This Guaranty shall continue to be effective or be reinstated, as the case may
be, if, at any time, any payment of the Obligations is rescinded or must
otherwise be returned by the Lessor or any of the other Meditrust Entities, upon
the insolvency, bankruptcy or reorganization of the Lessee, any other member of
the Leasing Group or any of the Related Parties or otherwise, all as though such
payment had not been made. The Guarantor covenants to cause the Lessee to
maintain and preserve the enforceability of any instruments now or hereafter
executed in favor of the Lessor, and to take no action of any kind which might
be the basis for a claim that the Guarantor has any defense hereunder other than
the complete payment and performance of the Lease Obligations.

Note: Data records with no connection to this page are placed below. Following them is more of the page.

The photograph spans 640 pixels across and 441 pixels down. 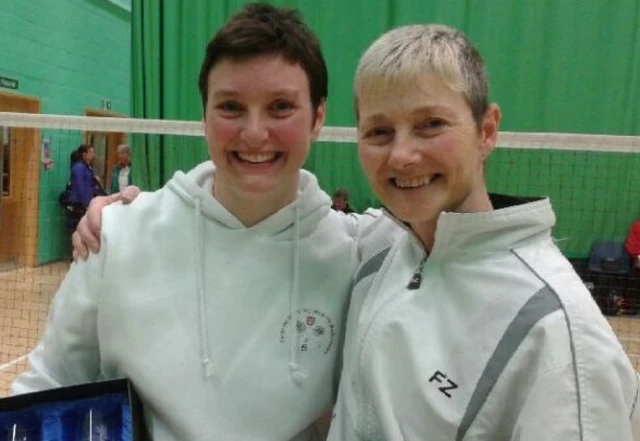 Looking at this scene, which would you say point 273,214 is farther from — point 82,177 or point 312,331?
point 82,177

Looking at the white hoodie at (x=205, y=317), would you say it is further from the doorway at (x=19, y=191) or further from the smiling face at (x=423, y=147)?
the doorway at (x=19, y=191)

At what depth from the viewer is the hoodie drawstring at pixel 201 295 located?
1577mm

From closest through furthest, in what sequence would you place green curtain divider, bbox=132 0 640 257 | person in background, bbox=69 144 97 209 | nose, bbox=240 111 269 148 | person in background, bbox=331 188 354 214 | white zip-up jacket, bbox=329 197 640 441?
white zip-up jacket, bbox=329 197 640 441 < nose, bbox=240 111 269 148 < person in background, bbox=331 188 354 214 < green curtain divider, bbox=132 0 640 257 < person in background, bbox=69 144 97 209

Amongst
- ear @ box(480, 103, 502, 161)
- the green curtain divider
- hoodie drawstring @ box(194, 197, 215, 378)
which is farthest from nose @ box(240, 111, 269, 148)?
the green curtain divider

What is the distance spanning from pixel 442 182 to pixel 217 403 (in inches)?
A: 28.4

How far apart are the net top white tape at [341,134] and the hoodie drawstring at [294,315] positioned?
1789 millimetres

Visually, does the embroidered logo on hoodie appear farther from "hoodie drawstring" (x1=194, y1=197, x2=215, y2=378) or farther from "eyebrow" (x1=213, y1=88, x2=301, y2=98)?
"eyebrow" (x1=213, y1=88, x2=301, y2=98)

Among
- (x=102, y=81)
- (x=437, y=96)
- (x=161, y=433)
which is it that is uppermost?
(x=102, y=81)

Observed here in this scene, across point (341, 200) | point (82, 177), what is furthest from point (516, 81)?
point (82, 177)

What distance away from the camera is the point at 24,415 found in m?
1.53

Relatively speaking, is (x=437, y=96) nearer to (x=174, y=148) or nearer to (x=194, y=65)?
(x=174, y=148)

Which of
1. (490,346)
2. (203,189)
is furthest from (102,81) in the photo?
(490,346)

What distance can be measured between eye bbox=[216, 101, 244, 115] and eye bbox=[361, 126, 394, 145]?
14.9 inches

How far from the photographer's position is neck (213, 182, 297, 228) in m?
1.70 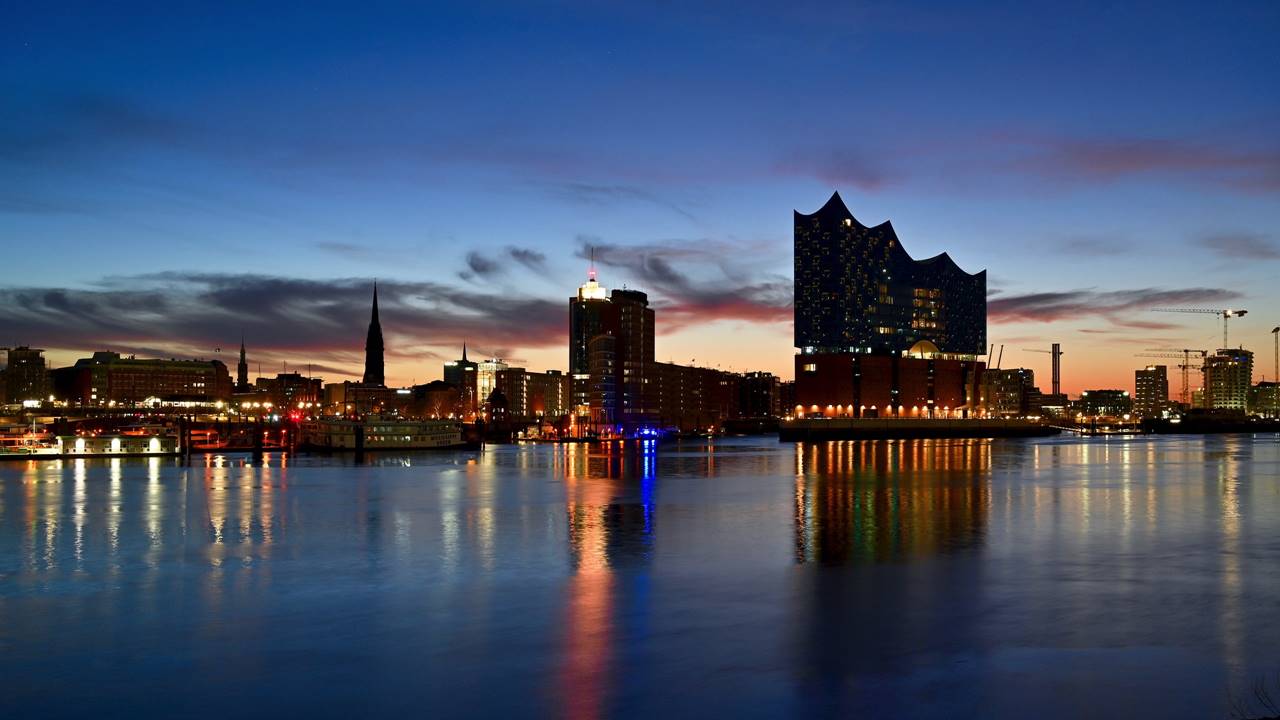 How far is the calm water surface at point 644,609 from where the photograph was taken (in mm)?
16484

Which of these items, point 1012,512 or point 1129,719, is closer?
point 1129,719

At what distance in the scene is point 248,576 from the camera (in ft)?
93.0

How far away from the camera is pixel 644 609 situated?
2325cm

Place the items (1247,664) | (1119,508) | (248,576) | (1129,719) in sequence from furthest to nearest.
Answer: (1119,508) < (248,576) < (1247,664) < (1129,719)

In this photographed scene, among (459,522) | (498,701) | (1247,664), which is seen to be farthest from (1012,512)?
(498,701)

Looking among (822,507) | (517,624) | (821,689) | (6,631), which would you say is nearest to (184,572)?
(6,631)

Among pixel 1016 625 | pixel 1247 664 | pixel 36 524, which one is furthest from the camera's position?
pixel 36 524

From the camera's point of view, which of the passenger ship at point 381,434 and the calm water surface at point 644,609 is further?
the passenger ship at point 381,434

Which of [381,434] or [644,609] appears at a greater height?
[381,434]

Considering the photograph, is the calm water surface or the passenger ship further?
the passenger ship

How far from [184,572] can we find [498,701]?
16.6m

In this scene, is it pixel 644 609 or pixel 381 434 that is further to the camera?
pixel 381 434

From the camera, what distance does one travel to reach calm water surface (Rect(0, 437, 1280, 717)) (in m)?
16.5

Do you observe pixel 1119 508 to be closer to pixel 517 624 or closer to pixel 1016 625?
pixel 1016 625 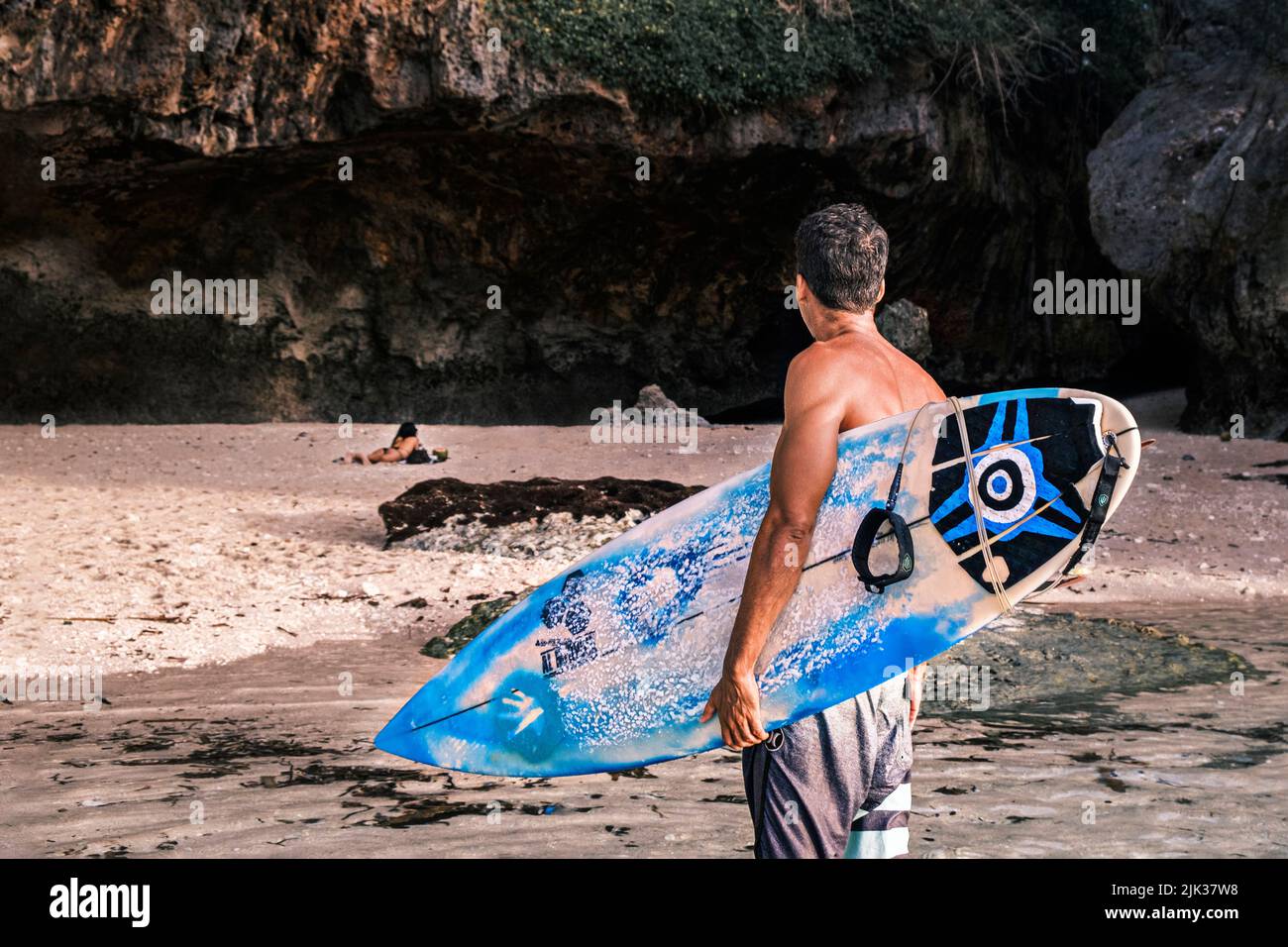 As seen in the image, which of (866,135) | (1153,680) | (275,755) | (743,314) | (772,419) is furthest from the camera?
(772,419)

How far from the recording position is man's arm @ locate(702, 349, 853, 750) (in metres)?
2.13

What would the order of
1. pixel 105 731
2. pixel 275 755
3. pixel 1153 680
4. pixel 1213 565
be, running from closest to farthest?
1. pixel 275 755
2. pixel 105 731
3. pixel 1153 680
4. pixel 1213 565

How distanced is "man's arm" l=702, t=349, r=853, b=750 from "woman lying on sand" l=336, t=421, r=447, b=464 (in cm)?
950

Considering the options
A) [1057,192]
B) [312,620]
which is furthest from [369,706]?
[1057,192]

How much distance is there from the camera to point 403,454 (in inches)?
452

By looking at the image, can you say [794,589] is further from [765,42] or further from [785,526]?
[765,42]

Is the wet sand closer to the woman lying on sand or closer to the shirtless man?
the shirtless man

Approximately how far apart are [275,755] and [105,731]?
789 mm

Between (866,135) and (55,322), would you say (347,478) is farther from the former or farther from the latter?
(866,135)

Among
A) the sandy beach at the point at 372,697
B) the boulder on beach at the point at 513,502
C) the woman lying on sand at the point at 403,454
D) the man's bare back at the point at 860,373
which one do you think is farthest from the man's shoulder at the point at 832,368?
the woman lying on sand at the point at 403,454

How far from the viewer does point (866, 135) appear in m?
14.4

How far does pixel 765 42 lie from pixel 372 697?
10886 millimetres

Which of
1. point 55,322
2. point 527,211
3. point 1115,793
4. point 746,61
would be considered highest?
point 746,61

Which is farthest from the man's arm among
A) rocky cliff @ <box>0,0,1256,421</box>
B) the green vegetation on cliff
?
the green vegetation on cliff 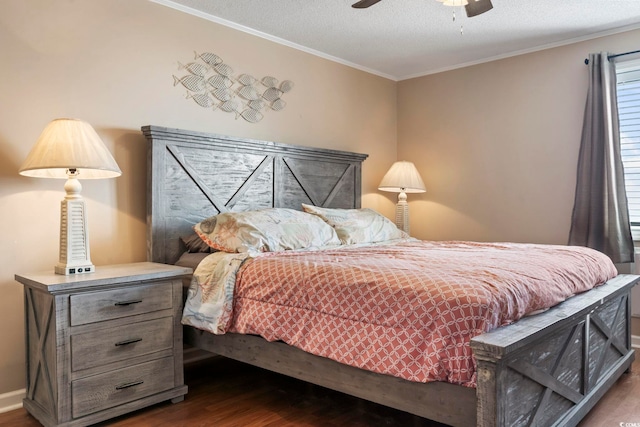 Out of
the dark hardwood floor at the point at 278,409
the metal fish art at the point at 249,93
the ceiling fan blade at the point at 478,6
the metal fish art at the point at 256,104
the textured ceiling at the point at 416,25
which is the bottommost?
the dark hardwood floor at the point at 278,409

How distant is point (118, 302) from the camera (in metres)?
2.44

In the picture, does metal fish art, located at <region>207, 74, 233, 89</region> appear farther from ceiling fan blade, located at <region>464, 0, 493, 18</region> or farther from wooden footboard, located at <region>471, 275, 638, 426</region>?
wooden footboard, located at <region>471, 275, 638, 426</region>

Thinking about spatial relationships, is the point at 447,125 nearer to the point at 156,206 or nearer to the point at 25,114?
the point at 156,206

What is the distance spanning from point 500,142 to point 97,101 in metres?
3.26

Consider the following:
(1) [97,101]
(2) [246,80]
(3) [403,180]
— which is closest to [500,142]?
(3) [403,180]

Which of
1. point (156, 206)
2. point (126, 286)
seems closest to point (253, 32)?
point (156, 206)

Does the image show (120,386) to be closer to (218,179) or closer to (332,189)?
(218,179)

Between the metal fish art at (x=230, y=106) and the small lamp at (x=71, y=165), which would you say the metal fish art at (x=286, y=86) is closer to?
the metal fish art at (x=230, y=106)

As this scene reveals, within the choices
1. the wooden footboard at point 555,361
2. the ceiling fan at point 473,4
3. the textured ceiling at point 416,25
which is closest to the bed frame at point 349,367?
the wooden footboard at point 555,361

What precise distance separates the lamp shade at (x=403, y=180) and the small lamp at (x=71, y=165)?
258 cm

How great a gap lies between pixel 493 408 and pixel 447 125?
3.51 meters

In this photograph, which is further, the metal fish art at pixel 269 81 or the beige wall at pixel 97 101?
the metal fish art at pixel 269 81

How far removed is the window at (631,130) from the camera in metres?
3.78

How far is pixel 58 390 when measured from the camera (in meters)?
2.23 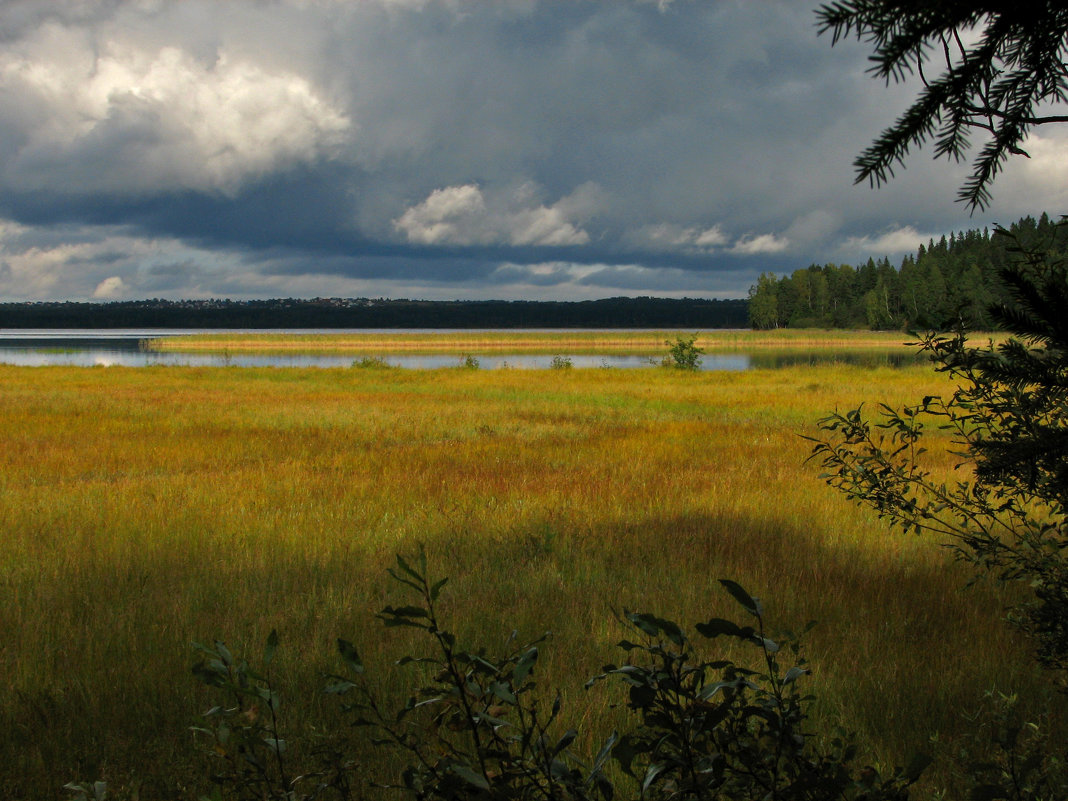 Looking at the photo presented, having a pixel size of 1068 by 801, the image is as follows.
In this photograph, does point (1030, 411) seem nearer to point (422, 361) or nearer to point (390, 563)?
point (390, 563)

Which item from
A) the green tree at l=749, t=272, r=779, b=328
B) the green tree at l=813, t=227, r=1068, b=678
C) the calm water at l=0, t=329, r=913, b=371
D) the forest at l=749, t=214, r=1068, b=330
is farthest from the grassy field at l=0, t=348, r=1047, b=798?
the green tree at l=749, t=272, r=779, b=328

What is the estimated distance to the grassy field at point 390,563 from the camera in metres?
3.84

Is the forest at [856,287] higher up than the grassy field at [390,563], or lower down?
higher up

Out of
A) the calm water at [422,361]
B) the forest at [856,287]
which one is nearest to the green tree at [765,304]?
the forest at [856,287]

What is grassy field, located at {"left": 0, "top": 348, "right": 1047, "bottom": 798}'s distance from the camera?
384 cm

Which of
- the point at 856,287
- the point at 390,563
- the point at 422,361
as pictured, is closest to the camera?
the point at 390,563

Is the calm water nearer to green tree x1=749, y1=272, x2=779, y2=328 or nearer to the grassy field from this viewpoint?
the grassy field

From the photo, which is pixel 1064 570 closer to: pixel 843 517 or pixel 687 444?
pixel 843 517

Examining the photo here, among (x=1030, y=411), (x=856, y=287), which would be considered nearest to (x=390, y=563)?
(x=1030, y=411)

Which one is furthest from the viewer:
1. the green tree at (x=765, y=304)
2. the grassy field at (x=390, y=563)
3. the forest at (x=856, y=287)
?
the green tree at (x=765, y=304)

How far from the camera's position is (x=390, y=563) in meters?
6.57

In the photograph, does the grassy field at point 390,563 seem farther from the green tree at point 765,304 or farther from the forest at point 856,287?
the green tree at point 765,304

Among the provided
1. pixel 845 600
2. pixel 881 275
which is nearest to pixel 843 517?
pixel 845 600

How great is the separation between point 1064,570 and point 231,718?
3.95 metres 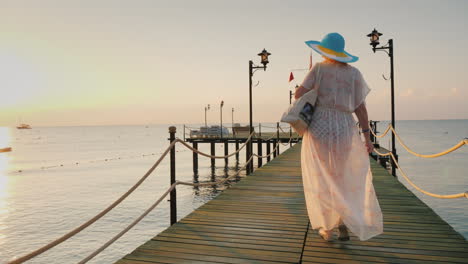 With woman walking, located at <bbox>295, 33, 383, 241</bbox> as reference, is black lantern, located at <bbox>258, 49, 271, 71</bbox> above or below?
above

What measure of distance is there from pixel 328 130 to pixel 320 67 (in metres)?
0.60

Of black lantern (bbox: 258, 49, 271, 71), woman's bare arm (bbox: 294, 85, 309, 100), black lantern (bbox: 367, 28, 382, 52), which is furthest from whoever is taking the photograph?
black lantern (bbox: 258, 49, 271, 71)

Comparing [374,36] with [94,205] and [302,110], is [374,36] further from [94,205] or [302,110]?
[94,205]

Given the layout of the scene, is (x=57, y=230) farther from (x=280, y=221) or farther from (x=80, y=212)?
(x=280, y=221)

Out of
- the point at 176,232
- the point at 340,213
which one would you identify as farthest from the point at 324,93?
the point at 176,232

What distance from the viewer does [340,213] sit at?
10.7 feet

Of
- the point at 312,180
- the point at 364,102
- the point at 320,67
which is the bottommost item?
the point at 312,180

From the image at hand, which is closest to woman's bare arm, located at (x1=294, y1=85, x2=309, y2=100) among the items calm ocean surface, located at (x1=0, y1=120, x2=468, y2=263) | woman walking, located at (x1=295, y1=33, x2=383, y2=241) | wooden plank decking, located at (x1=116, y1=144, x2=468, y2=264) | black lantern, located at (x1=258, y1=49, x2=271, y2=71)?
woman walking, located at (x1=295, y1=33, x2=383, y2=241)

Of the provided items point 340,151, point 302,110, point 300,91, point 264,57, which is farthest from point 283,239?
point 264,57

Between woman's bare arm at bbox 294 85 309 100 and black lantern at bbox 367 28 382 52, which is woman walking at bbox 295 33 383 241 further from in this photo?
black lantern at bbox 367 28 382 52

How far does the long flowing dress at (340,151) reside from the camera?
3258mm

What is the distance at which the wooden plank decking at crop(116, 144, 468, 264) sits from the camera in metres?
3.19

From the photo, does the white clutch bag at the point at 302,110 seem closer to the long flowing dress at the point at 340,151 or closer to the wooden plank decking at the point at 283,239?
the long flowing dress at the point at 340,151

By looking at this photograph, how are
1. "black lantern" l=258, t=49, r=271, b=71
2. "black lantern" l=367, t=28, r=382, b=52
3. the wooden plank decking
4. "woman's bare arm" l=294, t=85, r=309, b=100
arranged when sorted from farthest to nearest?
"black lantern" l=258, t=49, r=271, b=71 → "black lantern" l=367, t=28, r=382, b=52 → "woman's bare arm" l=294, t=85, r=309, b=100 → the wooden plank decking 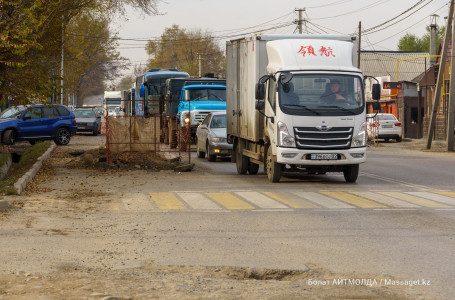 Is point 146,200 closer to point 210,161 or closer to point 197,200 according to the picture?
point 197,200

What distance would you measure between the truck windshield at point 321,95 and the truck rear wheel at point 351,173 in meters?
1.35

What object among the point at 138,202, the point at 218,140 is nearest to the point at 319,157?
the point at 138,202

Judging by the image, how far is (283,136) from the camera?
54.7 feet

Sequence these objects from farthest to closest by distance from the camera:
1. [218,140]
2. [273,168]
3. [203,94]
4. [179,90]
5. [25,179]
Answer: [179,90]
[203,94]
[218,140]
[273,168]
[25,179]

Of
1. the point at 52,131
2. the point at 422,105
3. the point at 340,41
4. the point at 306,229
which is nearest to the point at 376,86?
the point at 340,41

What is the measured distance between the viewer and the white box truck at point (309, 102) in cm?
1677

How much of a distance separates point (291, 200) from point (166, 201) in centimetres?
225

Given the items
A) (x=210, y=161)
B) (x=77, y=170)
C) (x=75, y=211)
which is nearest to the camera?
(x=75, y=211)

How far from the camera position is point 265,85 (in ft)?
57.6

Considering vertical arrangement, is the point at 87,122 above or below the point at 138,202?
above

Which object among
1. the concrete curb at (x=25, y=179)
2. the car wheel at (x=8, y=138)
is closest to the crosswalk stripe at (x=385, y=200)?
the concrete curb at (x=25, y=179)

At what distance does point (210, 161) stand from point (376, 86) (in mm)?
9077

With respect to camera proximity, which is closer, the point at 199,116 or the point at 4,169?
the point at 4,169

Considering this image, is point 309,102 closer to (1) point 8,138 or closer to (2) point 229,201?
(2) point 229,201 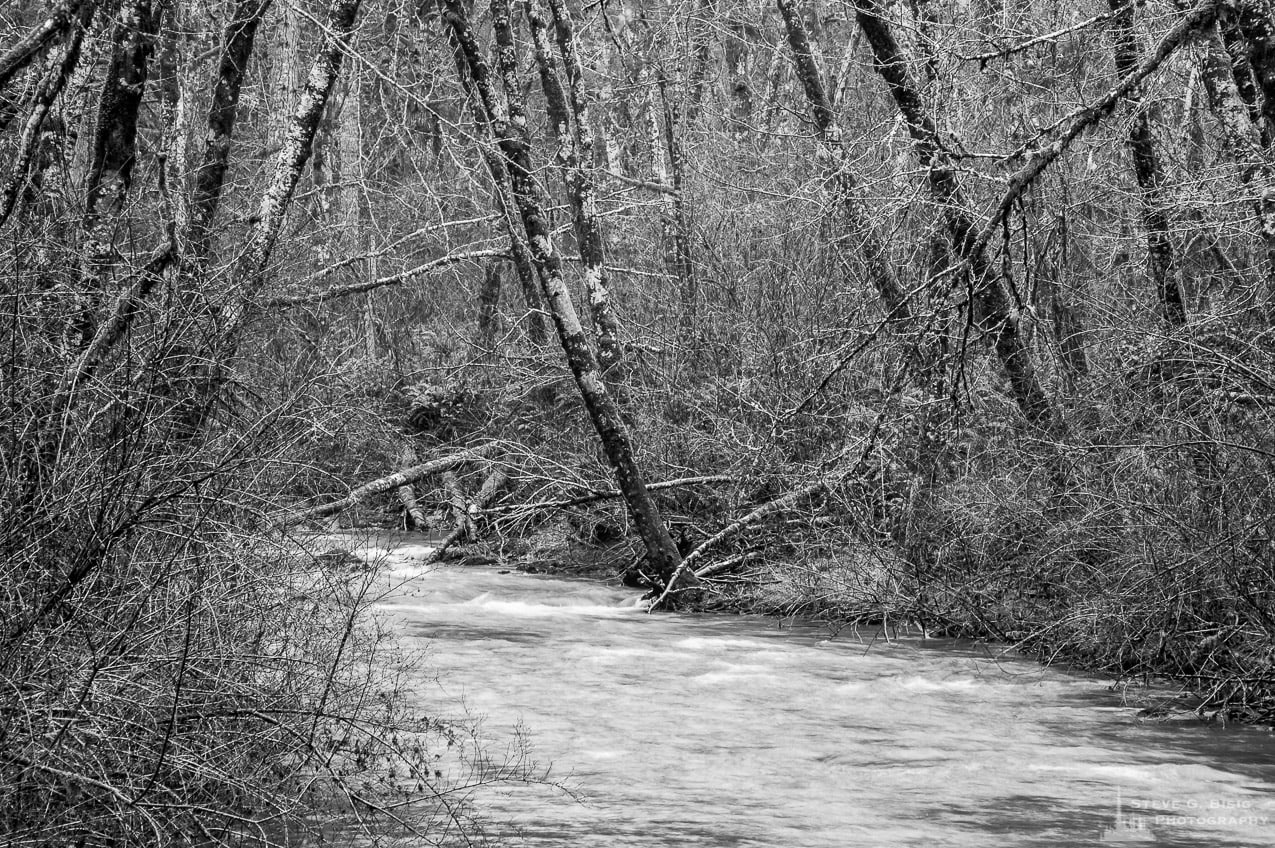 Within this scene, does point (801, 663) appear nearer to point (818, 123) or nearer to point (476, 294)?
point (818, 123)

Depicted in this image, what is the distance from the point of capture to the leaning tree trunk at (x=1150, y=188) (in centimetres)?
1070

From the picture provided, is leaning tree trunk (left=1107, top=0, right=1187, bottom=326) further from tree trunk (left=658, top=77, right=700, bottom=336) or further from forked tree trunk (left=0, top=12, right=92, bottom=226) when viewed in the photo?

      It shall not be necessary for the Lessor to inquire into the power of the
Lessee or anyone acting or purporting to act on its behalf, and any Lease
Obligation made or created in reliance upon the professed exercise of such
powers shall be guaranteed hereunder. The Guarantor represents that the Lessee
is the bona fide tenant of the Leased Property and that the Lessee has not been
formed or availed of to evade or circumvent the applicable usury laws of any
state or states concerned therewith, and the Guarantor hereby indemnifies the
Lessor and agrees to save it harmless against any damages or expenses suffered
by the Lessor should this representation or any other representation contained
herein prove untrue in any material respect. The aforesaid indemnification
agreement shall include, without limitation, attorneys' fees and expenses and
court costs reasonably incurred by the Lessor in connection with the enforcement
of said indemnification.

                                      -10-
<PAGE>
      The indemnity provisions of this Section 5 shall survive the complete
payment and performance of the Obligations and the expiration or earlier
termination of the Lease.

      6.    Representations and Warranties of the Guarantor. In order to induce
the Lessor to enter into or accept the Lease and the other Lease Documents, the
Guarantor hereby warrants and represents to, and covenants and agrees with, the
Lessor that:

      6.1.  Formation and Authority of the Guarantor.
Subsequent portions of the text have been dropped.